To digress a moment, recall that one of the main directive principles is:  ‘The promotion of the welfare of the People by securing and protecting as effectively as it may, a social order in which justice (social, economic and political) shall guide all the institutions of the national life.’  The question is whether concerns of justice had anything to do with obtaining the IMF loan or of regaining the GSP-facility.


In June 2016, the IMP approved an extended loan of $1.5 billion for Sri Lanka.  Many observers have pointed out that the said amount is too small for Sri Lanka’s needs at the moment, and in any event, that the loan comes with conditions that have the potential to turn this country into another Greece.  The following is an excerpt from an article in The Island that discusses this issue:

‘Following the great global depression in 2008, it became known that Greece had been overstating the extent of its deficit financing for many years.  This disclosure led to Greece being shut out from global financial markets, and by 2010 was unable to rollover its debt by issuing new sovereign bonds, as Sri Lanka is doing now, and was on the verge of bankruptcy.’

‘The IMF and European financial authorities in two bail-outs loaned Greece a total of about USD 350 billion, which as in the case of the IMF operation in Sri Lanka came with the usual harsh conditionality, which is the standard IMF recipe—deep budget cuts, severe austerity in expenditure and major tax increases—amounting to an overhaul of its entire economy.  For example, the tax on heating oil was increased by 450% worsening the public’s trauma.  As is the expectation in Sri Lanka, the IMF/EEC bail-outs were expected to stabilize the Greek economy and its finances, but the overall effect of the conditionality was to contract the economy by 25% and sharply raise unemployment to a similar level.’[4]

I am not an economist, so am unable to speak with authority on the wisdom of Sri Lanka obtaining the loan in question.  But, it seems to me that there is merit in what the above author is saying.  It is reasonable to suppose that, if justice—justice for the People—is the overriding concern in generating policy, the persons who decided to obtain the loan had an obligation to study its long-term effects to the country, and this ought to have included commissioning a report on the related issues by independent experts.

In my view, they also had an obligation to make any such report available to the public, because members of the public have a right to inform themselves of important matters that affect the ‘national life,’ and they cannot do this if the relevant information is not given to them.  To my knowledge, no such report exists, which I think is indicative of the weight given in practice to the ideals behind the directive principles.  

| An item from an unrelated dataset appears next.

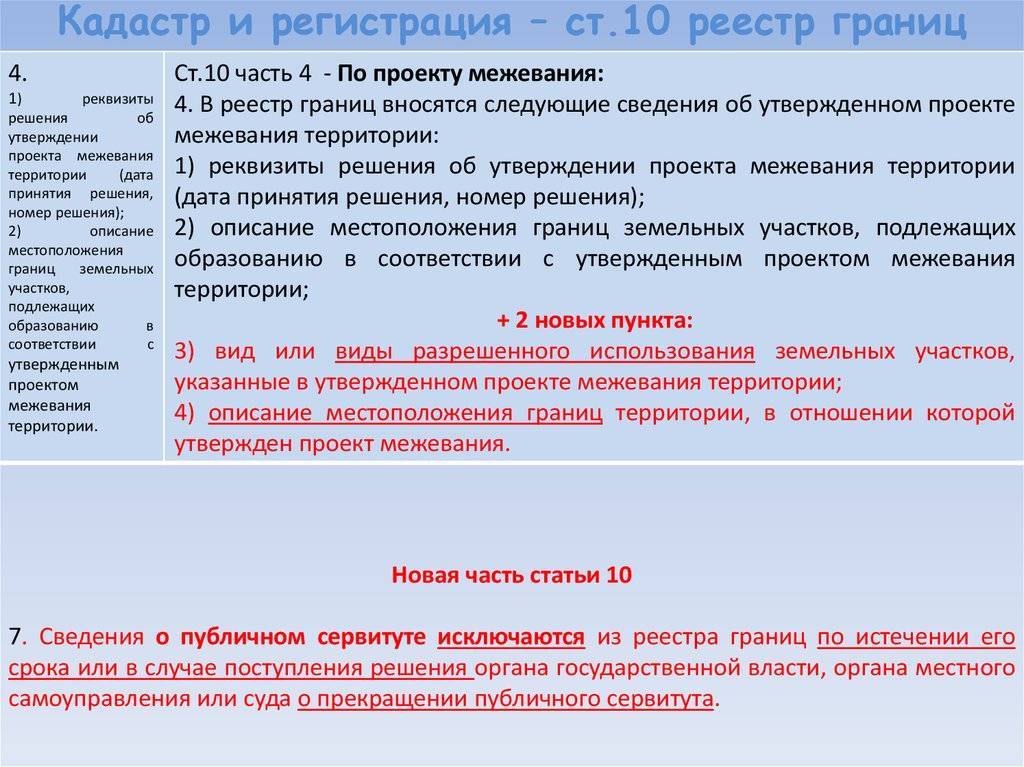 Какие сведения об утвержденном проекте межевания территории вносятся в реестр границ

In 2010, Sri Lanka lost the GSP-Plus facility, which had been a major source of foreign revenue to the country.  After the change of government in 2015, the present Government has been campaigning to regain the facility.  The EU has indicated it might relent, but with stringent conditions.  It is reported that the government has been made to agree to a list of 58 conditions that go far beyond matters of trade.  The following is an excerpt from an article in Lanka Brief that discusses this matter:

‘In its haste to regain the GSP-Plus facility, the Ministry of Foreign Affairs has agreed with the European Union (EU) to implement a sprawling list of 58 conditions linking human rights, national security and other domestic concerns with trade, a document obtained by the Sunday Times shows.’

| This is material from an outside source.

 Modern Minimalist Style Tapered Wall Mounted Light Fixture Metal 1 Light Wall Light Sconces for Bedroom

‘Among the 58 conditions imposed are to revoke the Prevention of Terrorism Act, to expedite cases of remaining detainees, to introduce a new Human Rights Action Plan, review status of the Tamil Diaspora organizations and individuals in the terrorist list, to devolve power under the new Constitution, return all private lands to owners in the North, adopt a policy of National Reconciliation and on National Resettlement, finalize the resettlement of all displaced persons, and to ratify the Convention on Enforced Disappearances with accompanying legislation as well as issue certificates of absence.  The EU insists that the conditions be met before Sri Lanka can even consider applying for the GSP plus.’[5]

To fast-forward to October 2016, Prime Minister Mr. Ranil Wickremesinghe visited Brussels for the latest round of talks on GSP-Plus, and returned with news that the Europeans were prepared to re-issue the facility.  A statement in the Government’s official news portal says:

‘Prime Minister Ranil Wickremesinghe said that Sri Lanka would be able to regain the GSP concession to the country between March and May next year, if the current economic and political reforms implemented after President Maithripala Siririsena assumed office are continued without any change.’[6]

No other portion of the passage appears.